▶ Problem details
Once the line containing "Garden Restaurant by" is found, retype it and each line after it through the last entry below, word for word, and nothing else.

▶ Crawled caption data

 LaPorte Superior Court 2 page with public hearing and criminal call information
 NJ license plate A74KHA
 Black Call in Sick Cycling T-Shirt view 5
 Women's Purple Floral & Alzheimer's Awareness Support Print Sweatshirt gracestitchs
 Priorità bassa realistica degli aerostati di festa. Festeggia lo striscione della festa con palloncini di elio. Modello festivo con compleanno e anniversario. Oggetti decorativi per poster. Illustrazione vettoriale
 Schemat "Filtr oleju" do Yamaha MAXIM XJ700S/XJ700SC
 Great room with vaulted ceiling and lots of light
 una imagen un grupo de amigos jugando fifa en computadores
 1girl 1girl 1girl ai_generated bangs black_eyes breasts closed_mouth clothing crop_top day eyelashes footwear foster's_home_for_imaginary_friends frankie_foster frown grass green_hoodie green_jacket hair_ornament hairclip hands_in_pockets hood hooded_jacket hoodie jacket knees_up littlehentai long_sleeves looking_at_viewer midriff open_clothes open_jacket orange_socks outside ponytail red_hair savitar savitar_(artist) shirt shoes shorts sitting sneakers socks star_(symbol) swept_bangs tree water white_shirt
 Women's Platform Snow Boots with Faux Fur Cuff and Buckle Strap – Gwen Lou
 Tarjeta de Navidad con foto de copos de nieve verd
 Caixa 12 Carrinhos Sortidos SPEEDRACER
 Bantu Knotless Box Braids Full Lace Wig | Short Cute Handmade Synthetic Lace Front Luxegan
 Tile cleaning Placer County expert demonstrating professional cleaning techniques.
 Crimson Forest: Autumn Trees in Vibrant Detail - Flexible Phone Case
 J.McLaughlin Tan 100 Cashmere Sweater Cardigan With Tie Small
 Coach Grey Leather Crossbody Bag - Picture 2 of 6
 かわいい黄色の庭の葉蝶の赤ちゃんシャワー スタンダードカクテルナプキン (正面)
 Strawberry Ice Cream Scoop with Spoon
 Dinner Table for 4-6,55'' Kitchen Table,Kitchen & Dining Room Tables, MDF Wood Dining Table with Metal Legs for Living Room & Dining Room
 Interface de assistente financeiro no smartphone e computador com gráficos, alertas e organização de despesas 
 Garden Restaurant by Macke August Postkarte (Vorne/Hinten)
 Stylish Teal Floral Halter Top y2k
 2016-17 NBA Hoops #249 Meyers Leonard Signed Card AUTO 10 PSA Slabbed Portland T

▶ Your response
 Garden Restaurant by Macke August Postkarte (Vorne/Hinten)
 Stylish Teal Floral Halter Top y2k
 2016-17 NBA Hoops #249 Meyers Leonard Signed Card AUTO 10 PSA Slabbed Portland T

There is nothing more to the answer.